Former U.S. vice president Joe Biden, the College’s Class Day speaker, was relentlessly optimistic about the prospects for the country, even as he disagreed with current political and policy decisions. But he noted that the class of 2017 had an obligation it could not shirk:
“Just this week, the Crimson reported that 37 percent of your class who had been considering a job in the federal government changed your minds in the wake of last year’s election. Forgive me, but I think that’s the wrong reaction. You have an obligation to get engaged. You have the capacity to make things change. It’s within your wheelhouse to do it.”
He concluded with an admonition from his former philosophy professor:
As if I was supposed to know, he said, “Remember what Plato said, Joe.” And I was thinking, what in the hell does that mean? Plato said, “The penalty that good people pay for not being involved in politics is being governed by people worse than themselves.” Let me say that again.
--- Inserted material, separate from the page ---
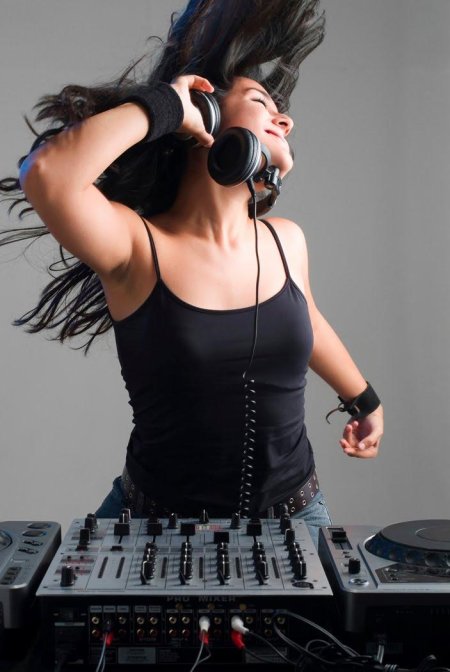 Девушка музыка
The penalty that good people pay for not being involved in politics is being governed by people worse than themselves. So you have to engage. You have to be involved, even in this dirty business of politics, you have to, for your own safety’s sake. And I have no doubt you will, because you must.
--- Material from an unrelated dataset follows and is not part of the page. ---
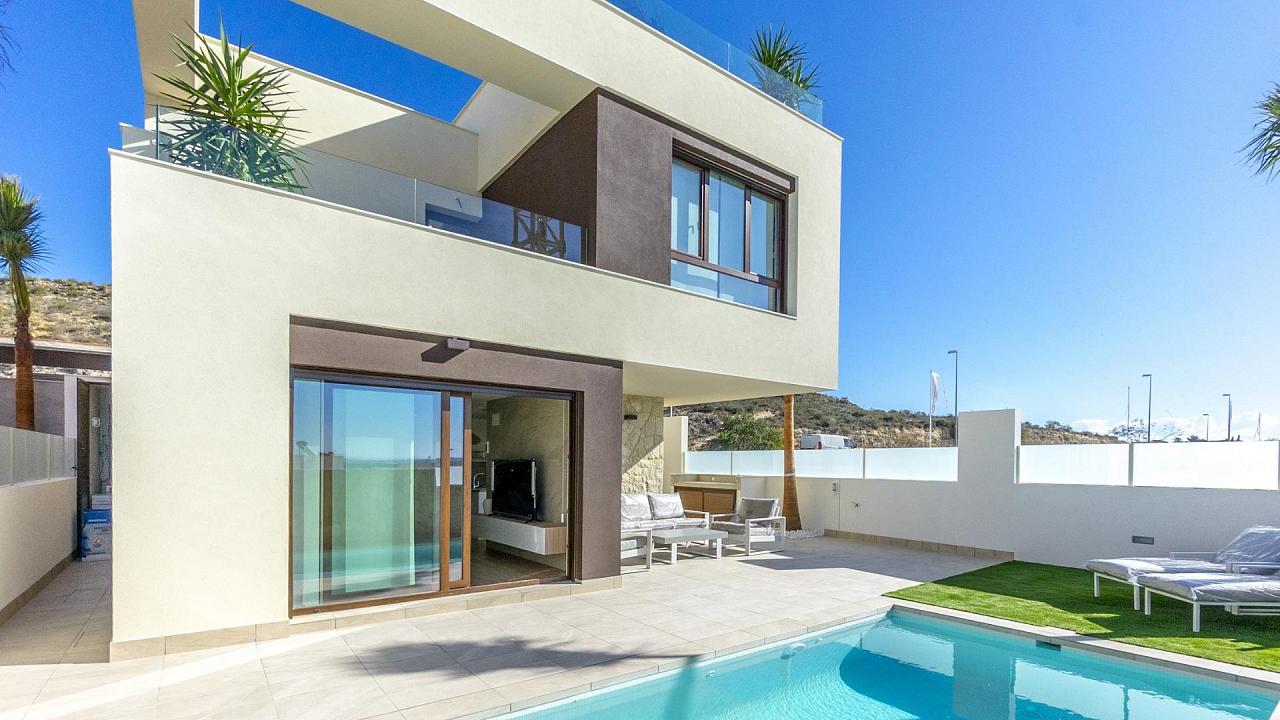 New villa in Rojales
Photograph by Jim Harrison
In “When We Fall in One Piece,” Senior English orator Auguste (Gussie) Jennings Roc ’17 spoke of what she’d learned from two terrifying experiences—being blown out of her Lower Manhattan apartment, on the first day of first grade, by the cataclysm of 9/11; and having her Harvard Visitas weekend shut down by the manhunt after the Boston Marathon bombing—and from the kindnesses shown in each case: that “love and courage trump hate and destruction.”
I have learned that the world can be a scary place. But I have also learned that: in the face of fear, we have a choice. Who will we choose to be when we are presented with the opportunity to care about, to stand with, to speak up for, to give up something of ourselves as a simple act of humanity? Many of us have gone to bed in fear—fear of discrimination, fear of deportation, fear of walls and bans and rollbacks. We have been afraid. But, among us are the courageous. I know because I’ve seen it. I’ve eaten next to it in the dining hall, I’ve studied across from it in the library, I’ve walked by it in Harvard Yard. I know the mark of courage, and I’ve seen it here with you.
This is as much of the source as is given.